Something stupid –you always understood

My need,

And, my eternal greed

for your love and approval.

You never ran out of either,

Sometimes Mum,

in my dreams we still chat,

But I cannot ring you back.

Then I awaken,

I realise I do not know your new number.

You see.

Sometimes Mum,

To me you haven’t gone.

Annie Manning

 

 

 

Magical Mondays

Another magical Monday lunch meeting with my life coach pal chewing the cud. It is essential to be with like-minded people that ‘just get you’. Having an opportunity to talk honestly about what’s wrong with society and looking for ways to improve a situation is pure magic.

Having the same ethics and spirituality make for great friendships and mutual mentoring in our joint and separate endeavors to make a difference with today’s teens.

You know who you are -I am so lucky to have such an amazing friend/professional colleague.

Anything is possible and one day we will have that foundation… for now we are learning as we go and being both saddened yet inspired by what we see.

A new life…spring on its way

After a few extremely sad weeks following the loss of a brilliant young life it was wonderful to receive news of a new life on its way in our family unit.

During a time of bereavement especially in an unexpected death one starts to question one’s faith and life itself.

In comparison the joy one feels when learning another life is making its way into the world.

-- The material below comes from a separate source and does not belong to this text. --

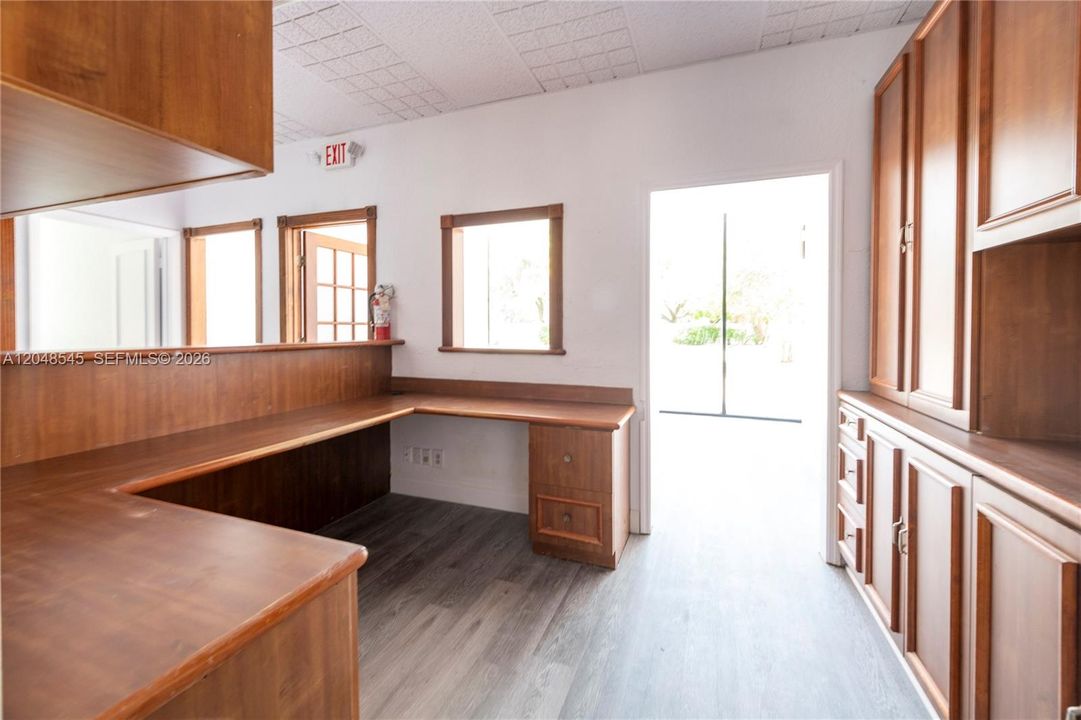 For Rent: $5,091 (0 beds, 0 baths, 0 Square Feet)
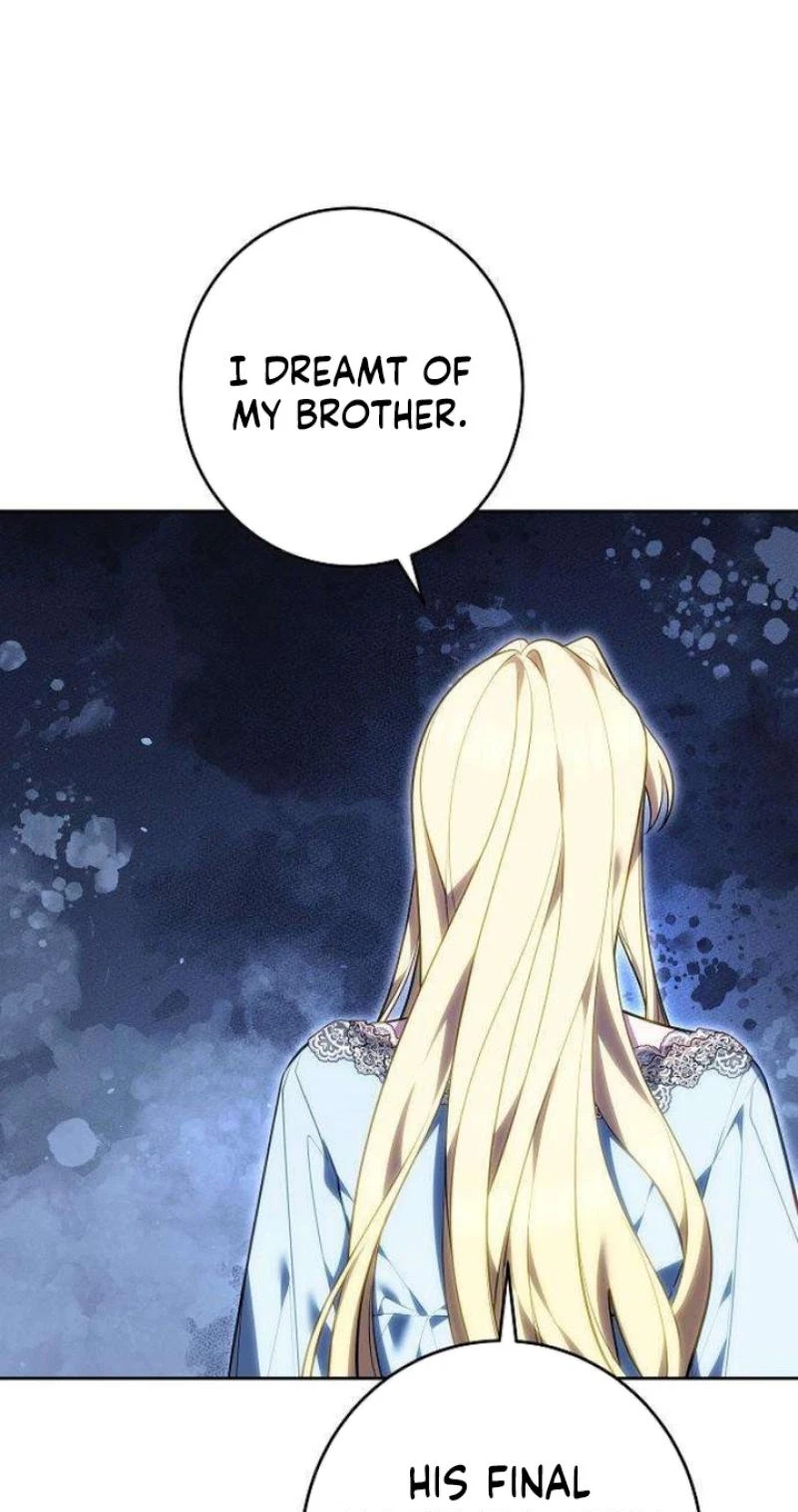 Chapter 33, page 69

One can only assimilate this to the difference between the darkness of winter and the hope that spring brings.

A reminder to all to live, love and laugh often.

Tell those we love that we love them.

 

Feeding the hunger

I consider myself extremely fortunate that I enjoy my continual studies and that my hunger for learning always needs satisfying.

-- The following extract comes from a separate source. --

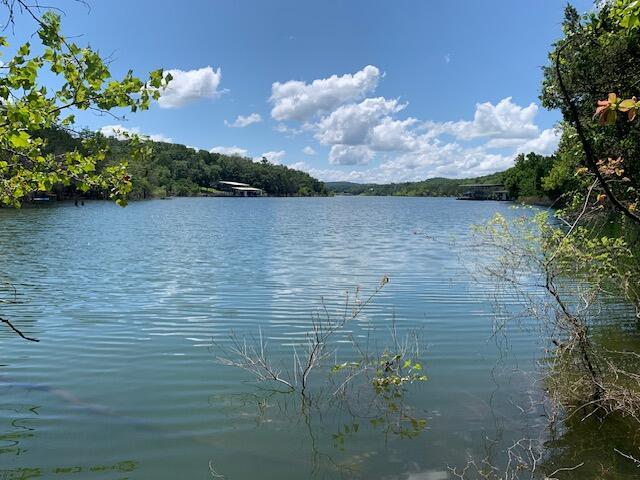 LOT63A Ridgemont Cir, Branson West, MO 65737 - photo 9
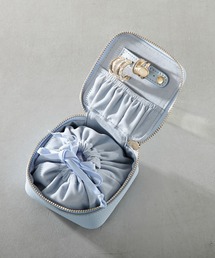 ピアス に該当するポーチファッション通販 Zozotown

We are never too old to learn new skills and/or enhance those we naturally have but maybe have yet to discover a niche for.

Now I’m in search of that dream job within pastoral working with teens who let’s face it have it pretty tough. They are all A star students albeit in their own way and that is something which is often forgotten whilst those around focus their attention on results!

Here ends today’s rant!

 

Serendipity

I know a lot of my spiritual friends feel our life is mapped out for us and what we see as sheer coincidence is in fact fate.

As George Michael famously sang ‘Turn a different corner’ or as a romantic cad boyfriend used to say  ‘It’s kismet’. Whatever puts us on a road or makes that chance meeting happen we have to make the best of it at that time.

I know my mother when trying to make sense of my father’s early sudden death would balance it out by saying how many narrow escapes he had during his time served as a desert rat…and how he was to come home, marry and have five children before dying just aged 44.

I  always maintain that anything we undertake in life and/or whoever we meet we do so for some good reason and hopefully learn and make use of those experiences.

As a beloved musician friend used to sing ‘when I think of all the good times that I wasted having good times!’

Last night I re-watched the film ‘The Adjustment Bureau’ confirming what is meant to be will be, even when we struggle against it or others try to prevent it from happening.

In life we have choices and sometimes we make the wrong ones for the right reason!